A: This occurs because more complex systems don't obey the same rules as simple systems when it comes to response time, throughput, and utilization. Even the simple systems aren't so simple. I'll begin our examination of this phenomenon by looking at a single disk, and then move on to combinations.
Part of this answer is based on my September 1997 Performance Q&A column. The information from the column was updated and included in my book as of April 1998, and has been further updated for inclusion in Sun BluePrints for Resource Management. Written by several members of our group at Sun, this book will be published this summer (see Resources for more information on both the book and the column). I've added much more explanation and several examples here.
Measurements on a single disk
In an old-style, single-disk model, the device driver maintains a queue of waiting requests that are serviced one at a time by the disk. The terms utilization, service time, wait time, throughput, and wait queue length have well-defined meanings in this scenario; and, for this sort of basic system, the setup is so simple that a very basic queuing model fits it well.
Over time, disk technology has moved on. Nowadays, a standard disk is SCSI-based and has an embedded controller. The disk drive contains a small microprocessor and about 1 MB of RAM. It can typically handle up to 64 outstanding requests via SCSI tagged-command queuing. The system uses an SCSI host bus adaptor to talk to the disk. In large systems, there is yet another level of intelligence and buffering in a hardware RAID controller. However, the iostat utility is still built around the simple disk model above, and its use of terminology still assumes a single disk that can only handle a single request at a time. In addition, iostat uses the same reporting mechanism for client-side NFS mount points and complex disk volumes set up using Solstice DiskSuite or Veritas Volume Manager.
In the old days, if the device driver sent a request to the disk, the disk would do nothing else until it completed the request. The time this process took was the service time, and the average service time was a physical property of the disk itself. Disks that spun and sought faster had lower (and thus better) service times. With today's systems, if the device driver issues a request, that request is queued internally by the RAID controller and the disk drive, and several more requests can be sent before a response to the first comes back.

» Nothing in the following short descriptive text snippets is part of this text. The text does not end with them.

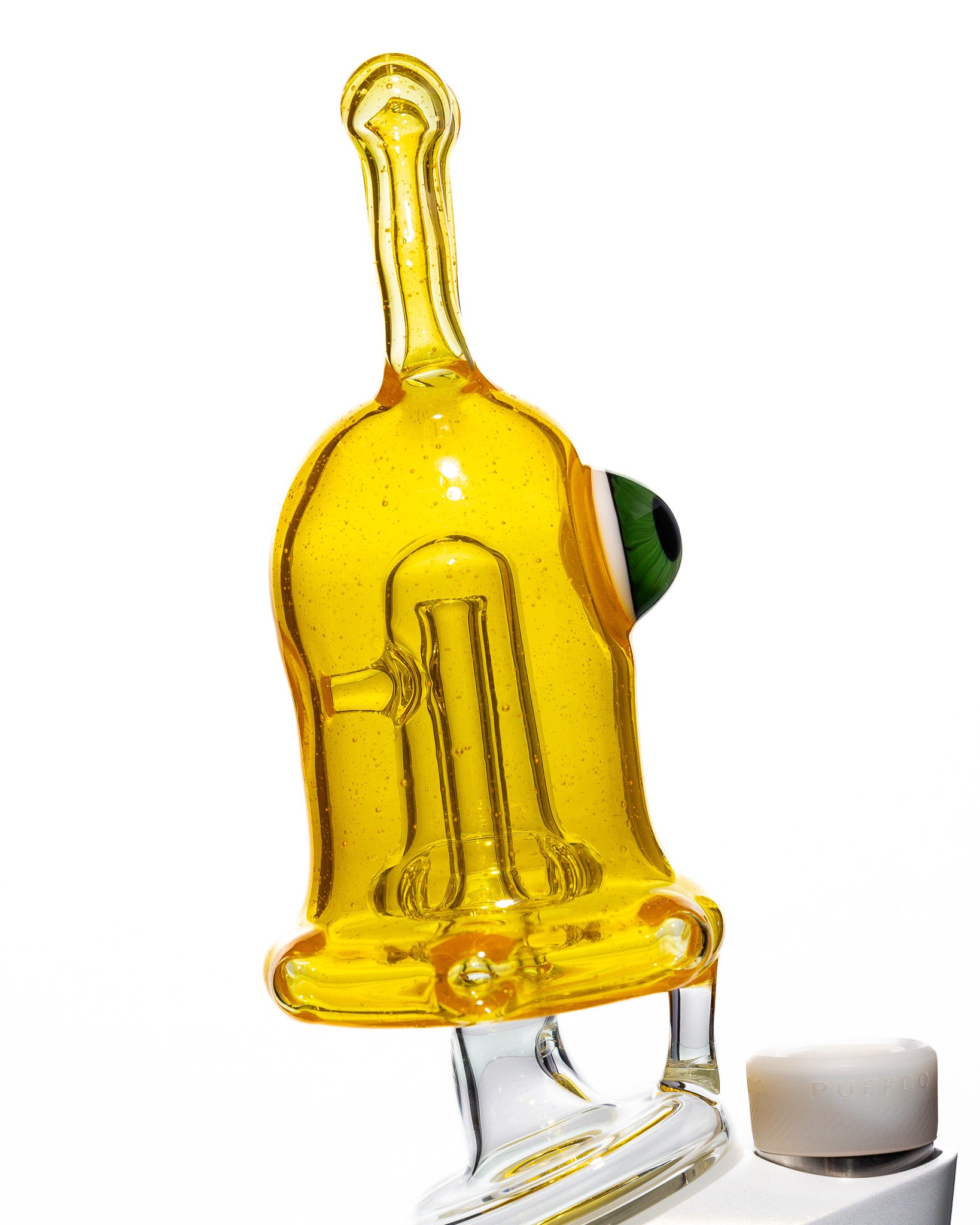 Drewbie Glass - Sluggo Puffco Top - Yellow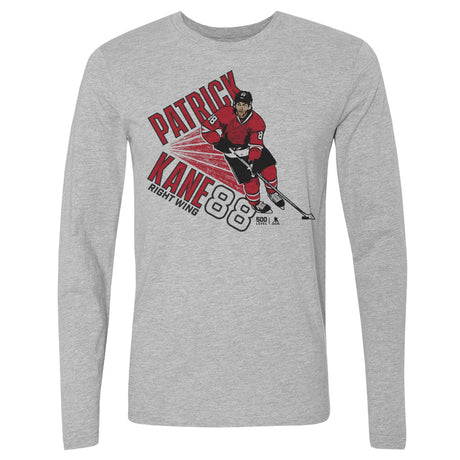 Patrick Kane Men's Long Sleeve T-Shirt | 500 LEVEL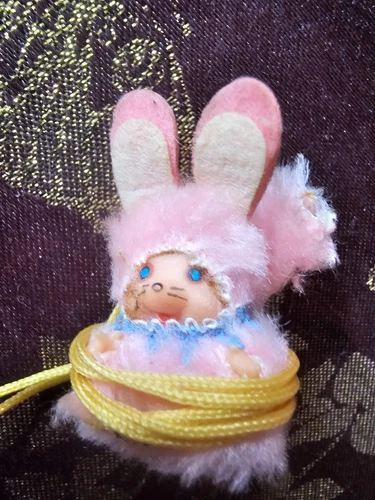 Vintage Necklace made in Korea, looks like Monchhichi Chimutan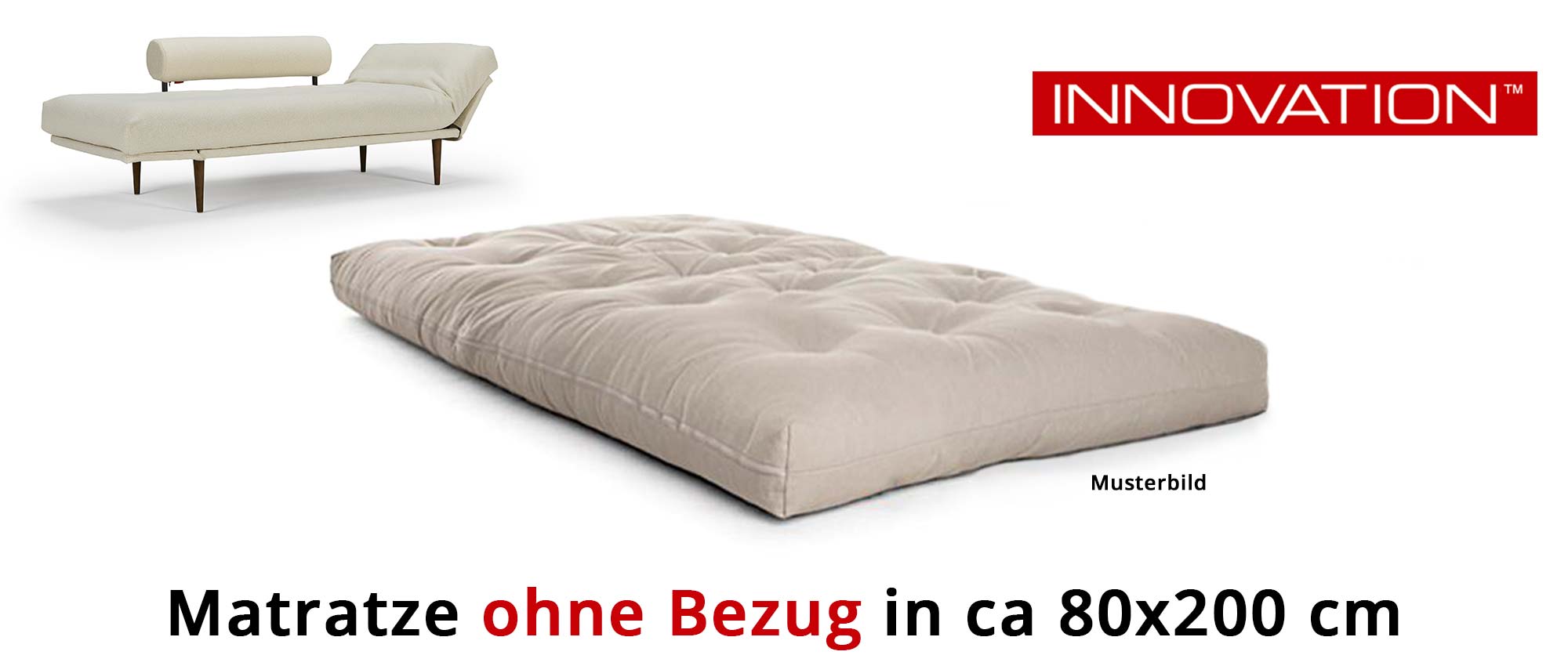 Matratze von Innovation ca. 80x200 cm für ROLLO Schlafsofa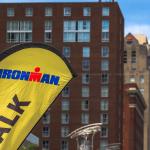 Ironman sign in downtown Raleigh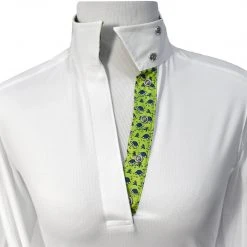 Show Shirts Essex Classics Ladies "Turtles" Talent Yarn Wrap Collar Long Sleeve Show Shirt 9 Show Shirts Essex Classics Ladies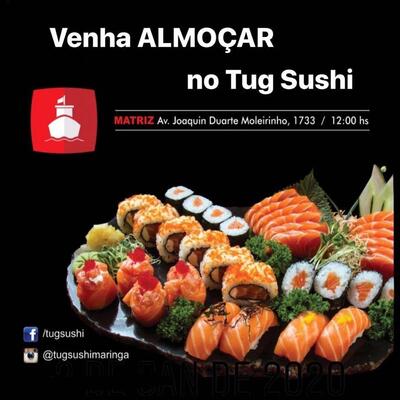 Leia as informações sobre o TUG SUSHI Maringá PR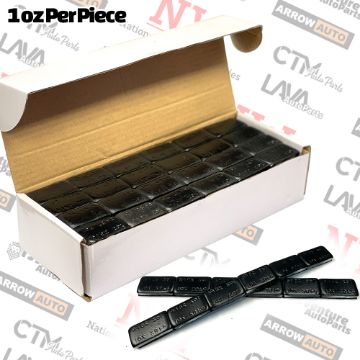 Show details for 1-Box | Black | 1oz Balance Wheel Weights | Strong Premium Stick-on Adhesive Tape | Lead-Free | 144 Pcs Each Box Picture of 1-Box | Black | 1oz Balance Wheel Weights | Strong Premium Stick-on Adhesive Tape | Lead-Free | 144 Pcs Each Box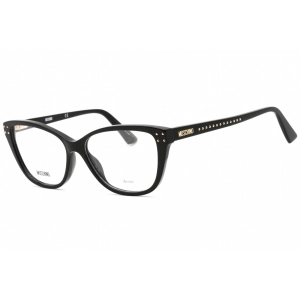 Moschino Women's Eyeglasses - Clear Demo Lens Black Cat Eye Frame | MOS583 0807 00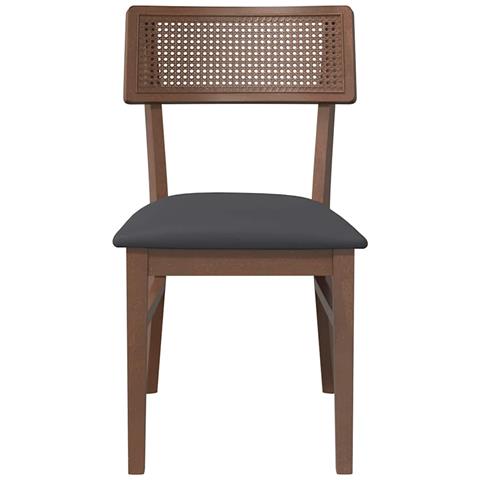 Sedie da Pranzo con Cuscini 2pz Marrone Legno Massello di Hevea - Foto 10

The service time, as measured by the device driver, varies according to the load level and queue length, and is not directly comparable to the old-style service time of a simple disk drive. The response time is defined as the total waiting time in the queue plus the service time. Unfortunately, as I've mentioned before, iostat reports response time but labels it svc_t. We'll see later how to calculate the actual service time for a disk.
As soon as a device has one request in its internal queue, it becomes busy, and the proportion of the time that it is busy is the utilization. If there is always a request waiting, then the device is 100 percent busy. Because a single disk can only complete one I/O request at a time, it saturates at 100 percent busy. If the device has a large number of requests, and it is intelligent enough to reorder them, it may reduce the average service time and increase the throughput as more load is applied, even though it is already at 100 percent utilization.